McClellan scarcely knew what to believe, though as always he was ready to believe the worst: in which case only the stump of a fuze remained before the explosion. He opened at once with all his artillery, north and south of the river, and sent Heintzelman’s corps out the Williamsburg road to readjust its picket lines and test the enemy strength in that direction. The result was a confused and savage fight, the first in a sequence to be known as the Seven Days. He lost 626 men and inflicted 541 casualties on Huger, whose troops finally halted the advance and convinced the attackers that the front had not been weakened in that direction. McClellan’s spirits rose with the
sound of firing—he shucked off his coat and climbed a tree for a better view of the fighting—but declined again as the firing died away. Though his line south of the river was now within four miles of the enemy capital, he could not clear his mind of the picture of imminent ruin on the opposite flank, drawn by the deserter the day before.
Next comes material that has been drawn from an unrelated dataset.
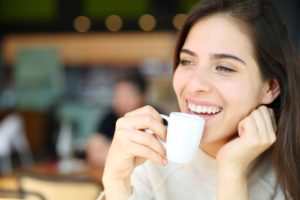Woman smiling over a small espresso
Returning to headquarters at sundown he wired Stanton: “I incline to think that Jackson will attack my right and rear. The rebel force is stated at 200,000…. I regret my great inferiority in numbers, but feel that I am in no way responsible for it, as I have not failed to represent repeatedly the necessity of reinforcements; that this was the decisive point, and that all the available means of the Government should be concentrated here. I will do all that a general can do with the splendid army I have the honor to command, and if it is destroyed by overwhelming numbers, can at least die with it and share its fate. But if the result of the action which will probably occur tomorrow, or within a short time, is a disaster, the responsibility cannot be thrown on my shoulders; it must rest where it belongs.”
Riding toward the sound of heaviest firing, Lee had arrived in time to see Huger’s men stop Heintzelman’s assault before it reached their main line of resistance. The attack had been savage, however, and it had the look of at least the beginning of a major push. A fine rain was falling, the first in a week, but not hard enough to affect the roads, which had dried out considerably during the hot spell: McClellan might be starting his “battle of posts,” advancing his infantry to cover the arrival of his siege guns. Or he might have attacked to beat Lee to the punch, having learned somehow that the line to his front had been weakened to mount the offensive against his flank. In either case, the safest thing for the Confederates to do was call off the north-bank assault and concentrate here for a last-ditch defense of the capital.